11.12.2016

Neue Zürcher Zeitung

«Den Verlust zu verschweigen, wäre unehrlich»

Die grösste Inland-Redaktion der Schweiz hat ab Januar keine Regional-Korrespondenten mehr. Im «Echo der Zeit» von Ende November hatte NZZ-Inlandchef Michael Schoenenberger noch von einer «Verlagerung» gesprochen. Gegenüber persoenlich.com gesteht er ein, dass es durch diese Sparmassnahme schwieriger wird, nahe bei den Leuten zu sein.
Neue Zürcher Zeitung: «Den Verlust zu verschweigen, wäre unehrlich»
Seit Mitte Oktober leitet er die NZZ-Inland-Redaktion: Michael Schoenenberger. (Bild: zVg.)
von Edith Hollenstein

Herr Schoenenberger, Sie holen die Korrespondenten aus der Nordwestschweiz, St. Gallen und Luzern in die Zentralredaktion Zürich oder nach Bern. Wie viele Mitarbeiter werden den Arbeitsort wechseln?
Zwei Korrespondenten werden künftig in der Zürcher Inlandredaktion, eine Korrespondentin in der Bundeshausredaktion arbeiten.

In der Westschweiz gibt es weiterhin eine Korrespondentenstelle. Und im Tessin?
Unser Tessiner Korrespondent wird im Tessin bleiben und wird vorläufig als freier Mitarbeiter über die Kantone Tessin und Graubünden schreiben.

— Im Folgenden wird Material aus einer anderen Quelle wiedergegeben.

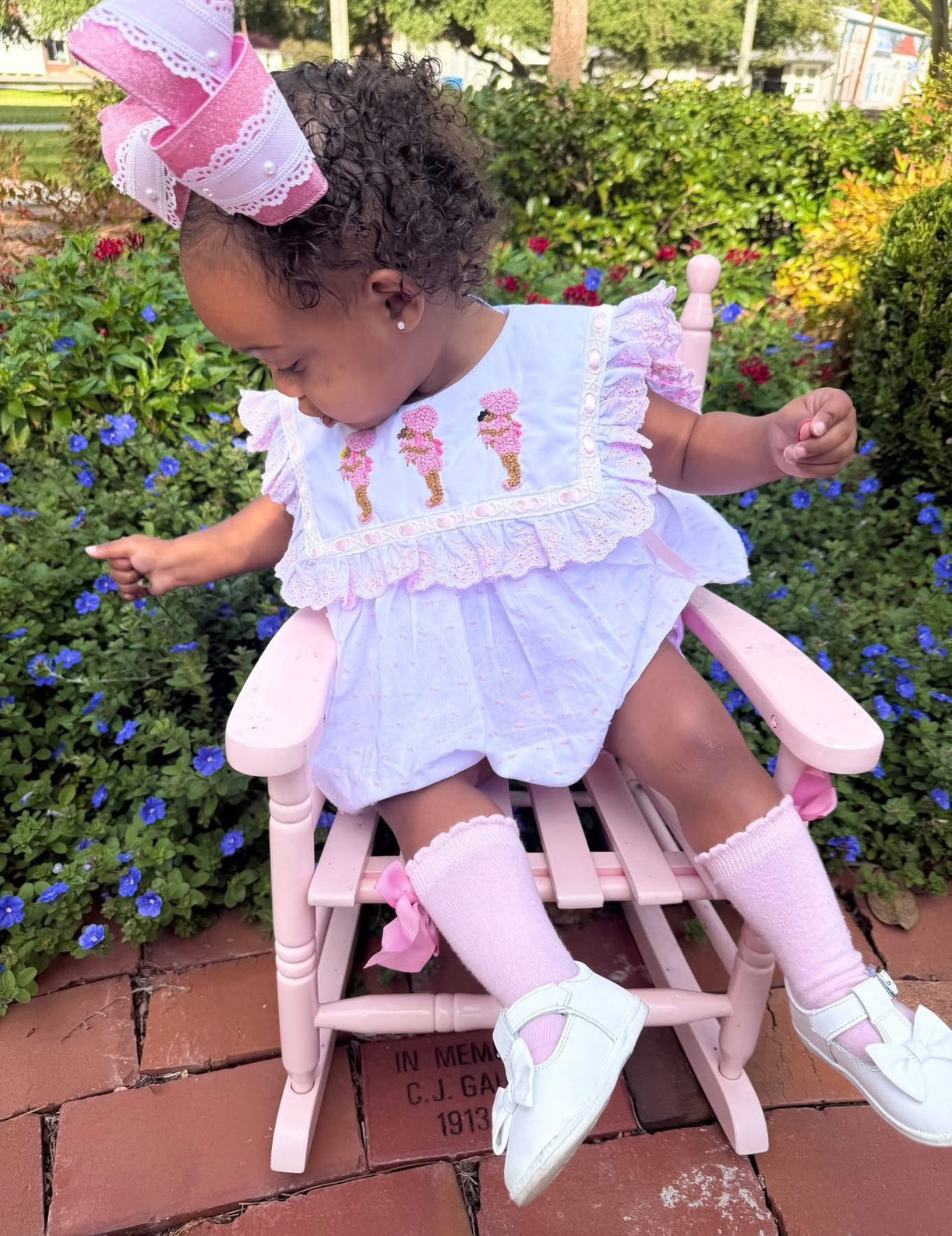 PRE ORDER Girls French Knot Dark Skin Little Miss Dolly Bloomer Set & Dress | ETA to LBS: LATE March
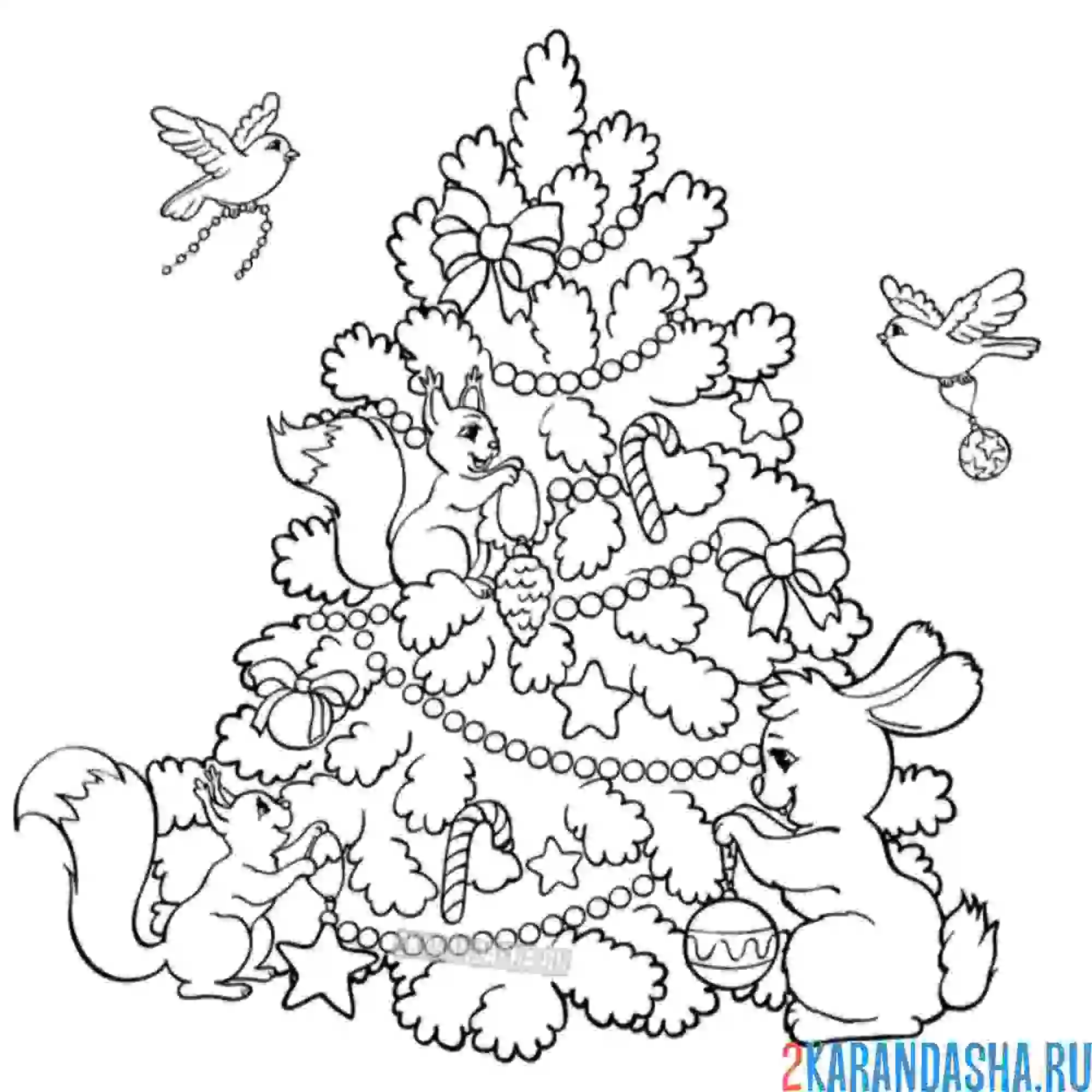 Раскраска новогодняя ёлка пушистая с игрушками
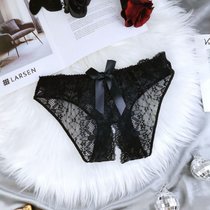 SUNTEK情趣开档免脱内裤女性惑露臀镂空情调私房纯欲丁字裤(M 80-110斤 黑色)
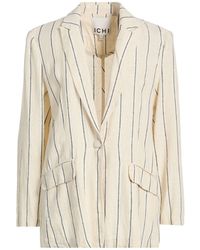 Ichi - Ivory Blazer Linen, Viscose - Lyst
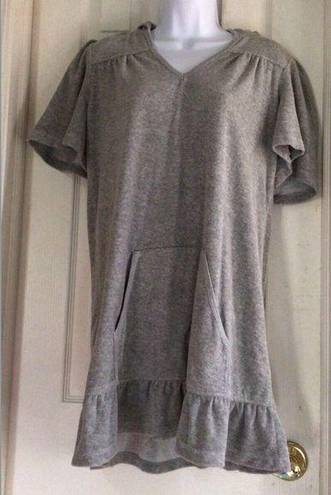 Juicy Couture  Pam & Gela Heather Janey Terry Fashion Gray Hooded Cover Up Dress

Wenn die Bundespolitik «massiv an Bedeutung gewonnen hat», wie Sie vor einigen Tagen den Schritt begründeten, hätten Sie doch einfach zusätzliches Personal für Bern einstellen können. Warum sind die Korrespondenten die Richtigen hierzu?
So einfach ist das nicht, denn eine Erhöhung der Aufwendungen für die Redaktion liegt unter den gegebenen Umständen leider nicht drin. Die NZZ-Korrespondenten sind erfahrene Journalisten. Ihnen bleiben wir treu, sie sind die Richtigen, um die Standorte Bern und Zürich zu verstärken.

Wie viel können Sie so sparen?
Interna wie diese kommunizieren wir nicht.

Ist es nicht bedeutend schwieriger, mit den Leuten in der Ostschweiz oder in Luzern ins Gespräch zu kommen, zu sehen war vor Ort passiert, wenn die Journalisten in Zürich oder Bern arbeiten?
Natürlich ist es so, dass die Berichterstattung aus den Kantonen davon lebt, dass Journalisten vor Ort präsent sind. Zu verschweigen, dass wir diesbezüglich nichts verlieren, wäre unehrlich. Die jetzigen Korrespondenten, die wir nun in Zürich zusammenziehen, werden aber weiterhin einen engen Draht zu ihren momentanen Berichterstattungsgebieten haben.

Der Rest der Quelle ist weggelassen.